Kelly is a multidisciplinary artist and curator whose practice encompasses visual art, writing, and the performing arts. She creates work that illuminates the beauty and complexity of scripture, theology, and the human experience. Her artwork has been exhibited across the United States and is featured in collections around the world. She is curator of the Four Chapter Gallery. In addition to her work in the visual arts, Kelly holds a masters degree in vocal performance with an emphasis in opera studies from Indiana University. She has over twelve years of classical teaching experience and is still an active voice teacher in Kansas City. 


www.kellykrusecreative.com


I didn’t make this project to represent how I believe the actual beginning of the universe may have looked—I don’t have knowledge or wisdom to show you such a thing. However, the authors of the Hebrew Bible spent a lot of time thinking about origin, meaning, and identity as they crafted scripture in partnership with God, and through their wisdom I can dare to contemplate the beginning.  

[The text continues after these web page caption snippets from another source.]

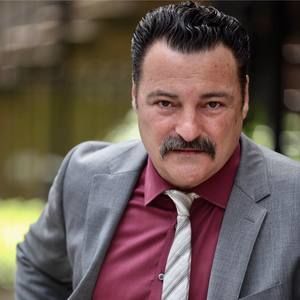 Meet your Posher, Denny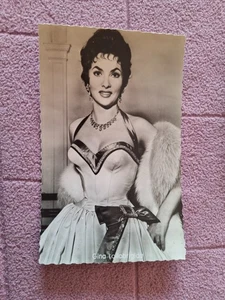 POSTCARD - GINA LOLLOBRIGIDA CINEMA ACTRESS  - P I EDITIONS #720 PUBLISHED GD - Picture 1 of 2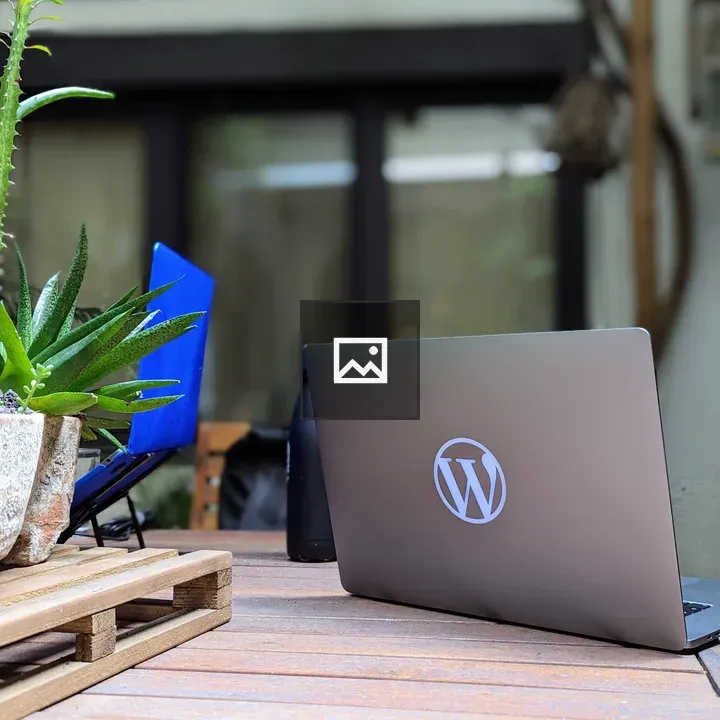 WordPress Logo on MacBook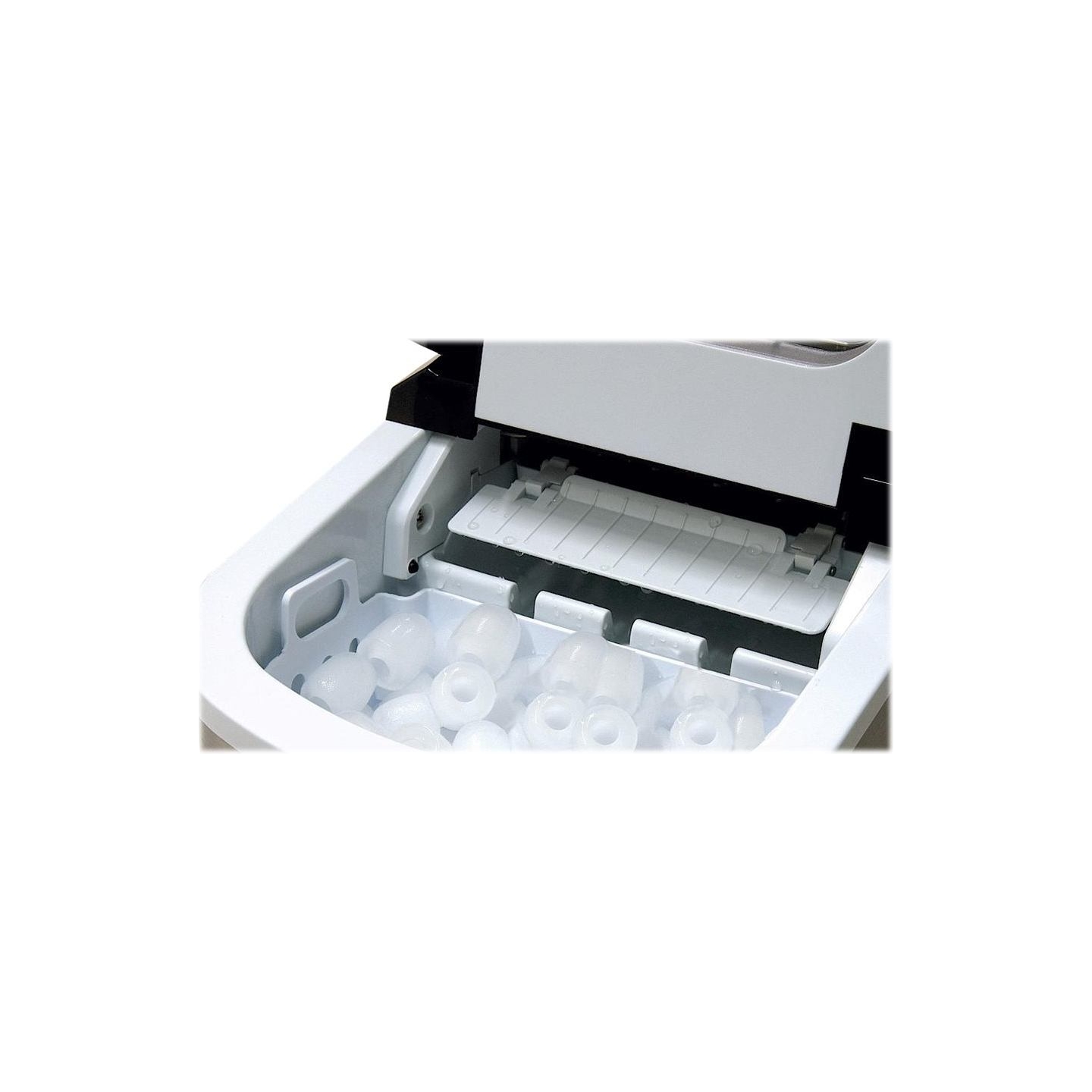 Caso | Ice cube maker | IceMaster Pro | Power 140 W | Capacity 2.2 L | Stainless steel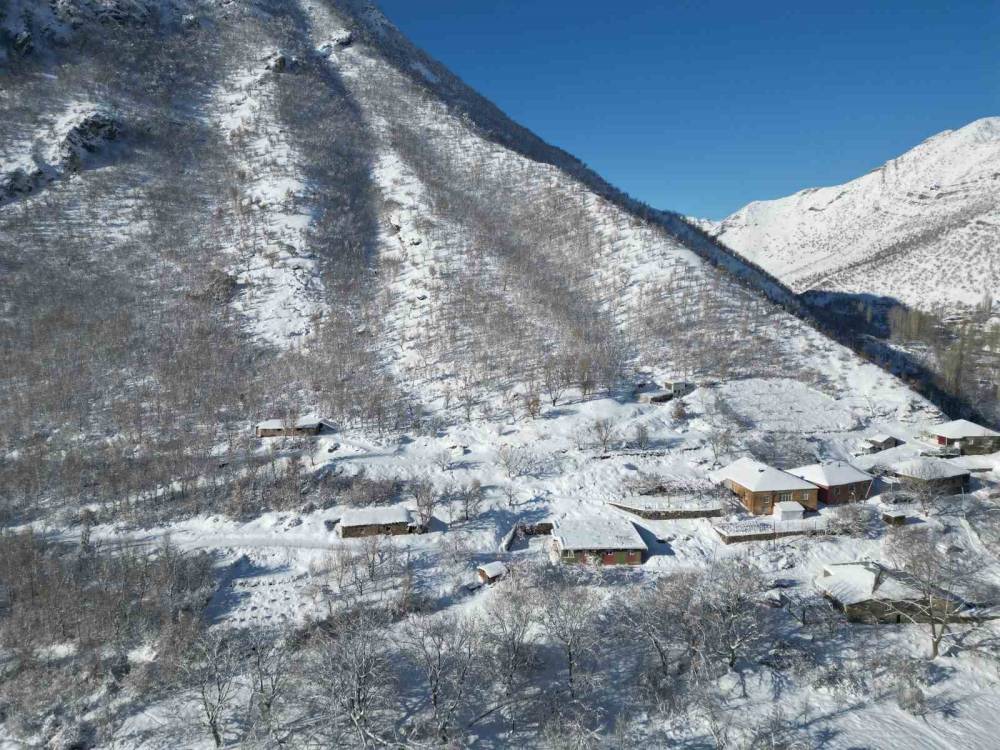 Şırnak’ta Kar Sonrası Dağlar Beyaza Büründü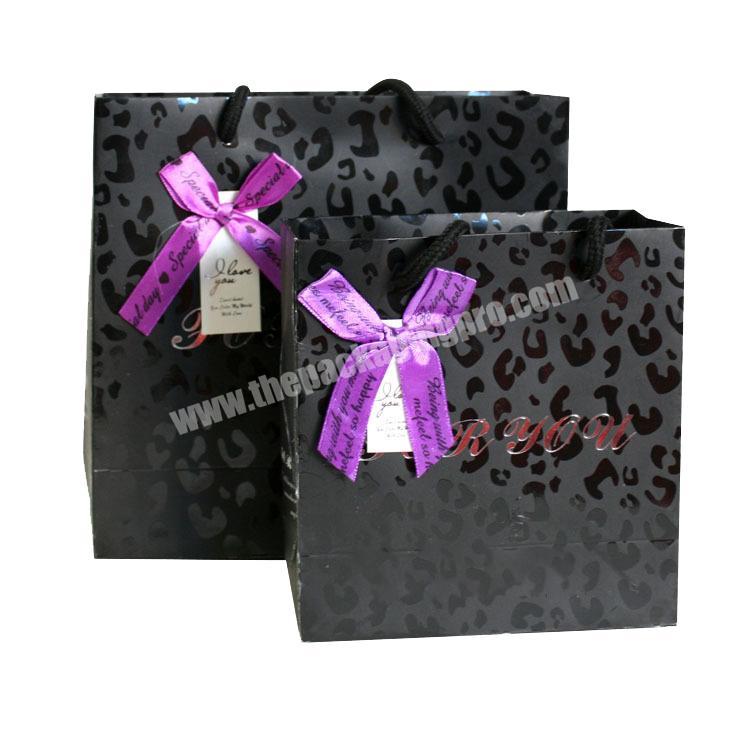 custom black luxury decorative small paper cosmetic bags for lady gift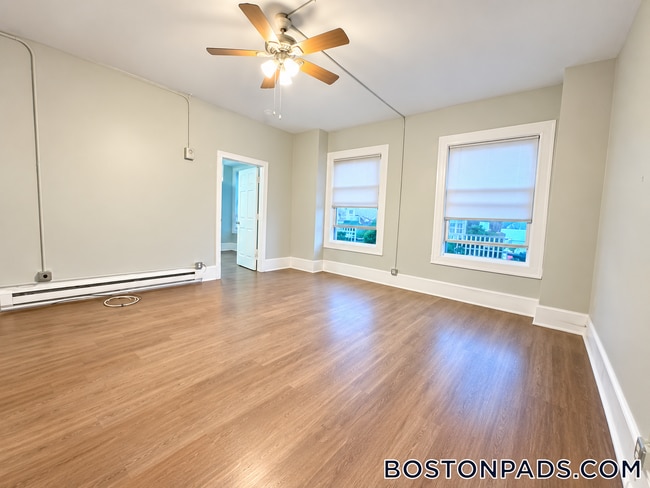 50 Franklin St Unit 710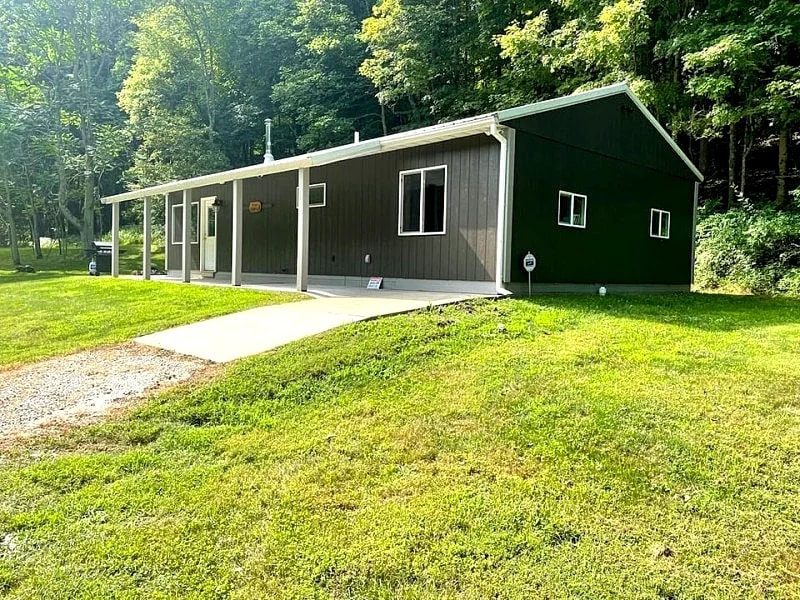 The Tucked Away Pet Friendly Cabin Hocking Hills w/ Hot Tub in Logan, Ohio, United States — photo 2
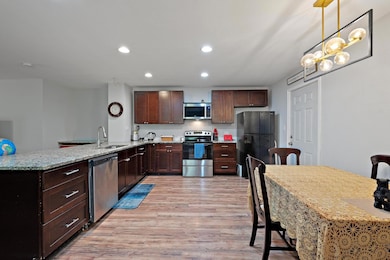 119 N Kanaio Dr unit A, Bastrop, TX 78602 - photo 4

The more I study these accounts, the more I realize I have to learn. There are many questions I still have about the material origins of life. The longer I wrestle with scripture, the less I believe the creation accounts in the Bible were made to answer such questions. However, I am certain about something: contemplating creation reveals manifold riches, including insights about the heart of God and the position of human beings in his Kingdom, which encompasses all of creation.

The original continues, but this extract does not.